Thursday, 11 August 2011

The Threat Right Now is Deflation - Not Inflation!

Posted on 12:44 by Unknown
Too many people are preaching a gloom / doom scenario where the Chinese (and others) reject U.S. bonds because of the debt, we have to raise interest rates, and suffer hyperinflation.

That is just a fantasy at this point.

Since the "downgrade", investors have been piling into treasuries - S&P's view was completely rejected. U.S. bonds are still considered the safest and most liquid investment. There are no other options. Swiss bonds are considered safe, but their market is not nearly large enough.

Right now, we are more in danger of deflation than inflation. There is currently a liquidity trap. Companies are awash in money, but not spending. So there is no demand.

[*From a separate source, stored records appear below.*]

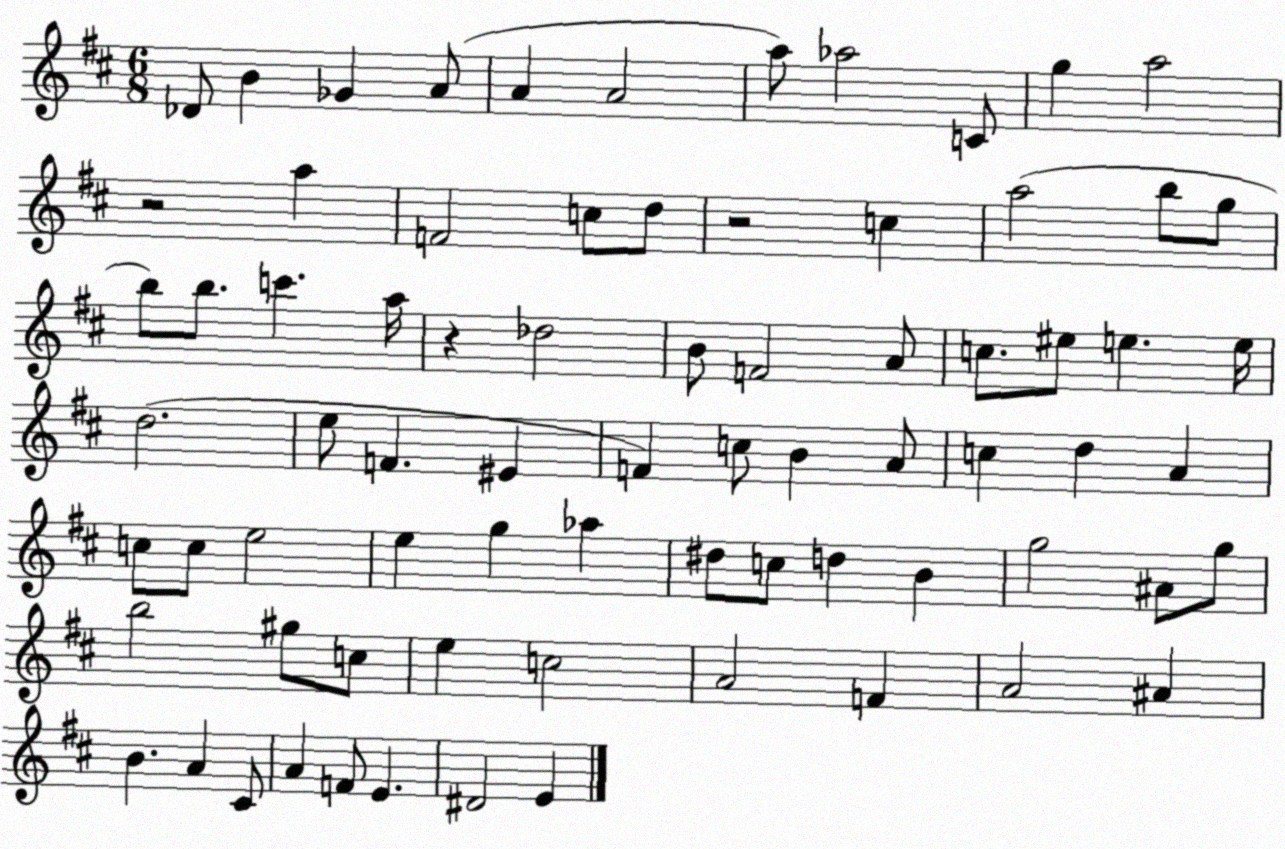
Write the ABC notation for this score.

X:1
T:Untitled
M:6/8
L:1/4
K:D
_D/2 B _G A/2 A A2 a/2 _a2 C/2 g a2 z2 a F2 c/2 d/2 z2 c a2 b/2 g/2 b/2 b/2 c' a/4 z _d2 B/2 F2 A/2 c/2 ^e/2 e e/4 d2 e/2 F ^E F c/2 B A/2 c d A c/2 c/2 e2 e g _a ^d/2 c/2 d B g2 ^A/2 g/2 b2 ^g/2 c/2 e c2 A2 F A2 ^A B A ^C/2 A F/2 E ^D2 E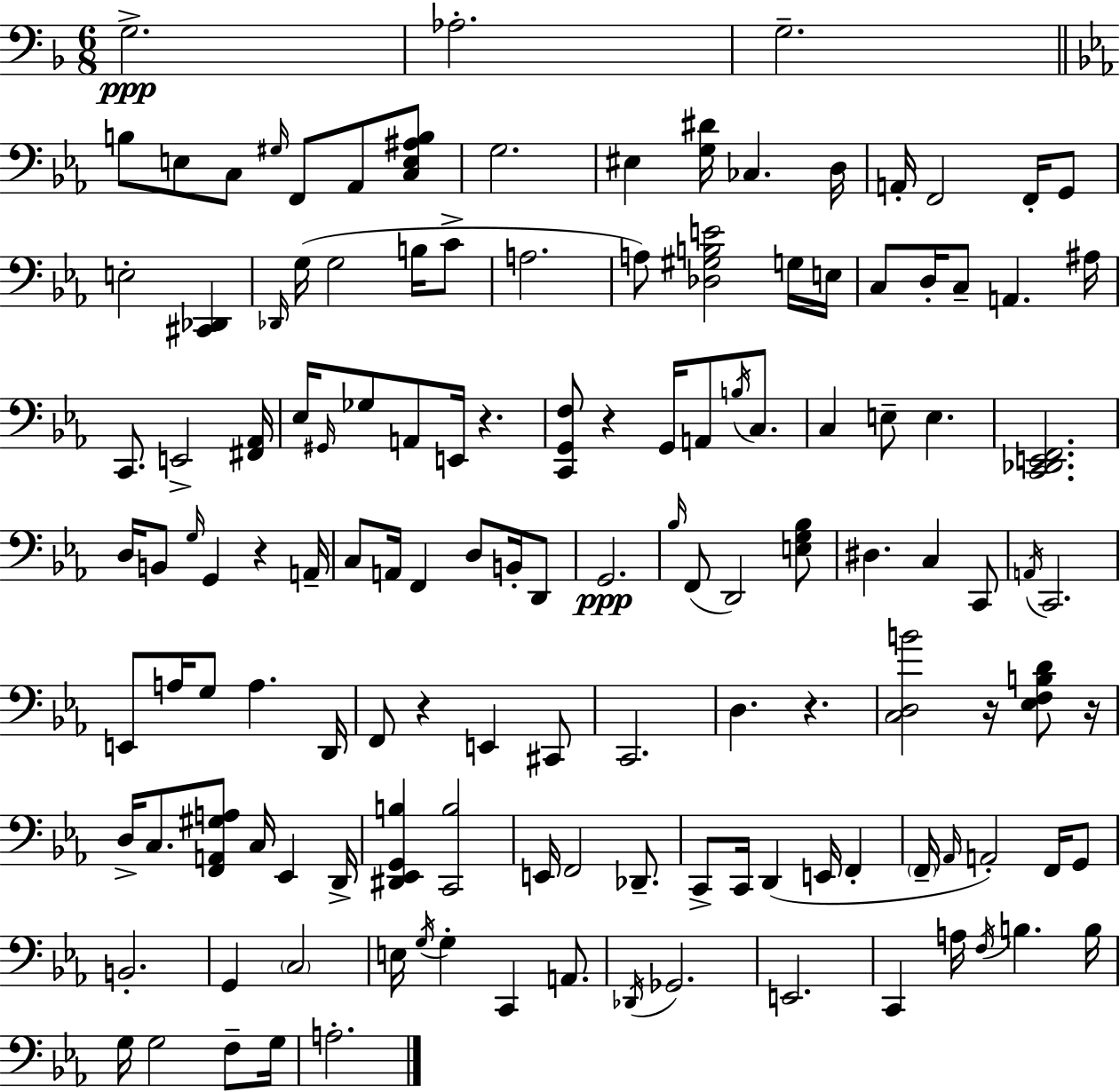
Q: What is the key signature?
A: D minor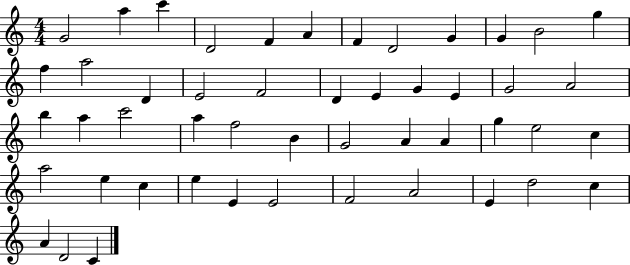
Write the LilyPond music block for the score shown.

Proof: Bank of New York just started charging negative interest on large cash deposits. Any return the bank can get by investing its balances in overnight / short term paper can't even cover the insurance / overhead of holding deposits!

Even though everyone wants the debt burden eased and don't want any more government stimulus, that might end up being the only course of action. The Fed can't cut interest rates any further. Companies have money, but there is not enough demand for goods/services. Cutting government spending right now will reduce demand. The time to reduce the deficit by spending cuts will be after the economy recovers out of recession.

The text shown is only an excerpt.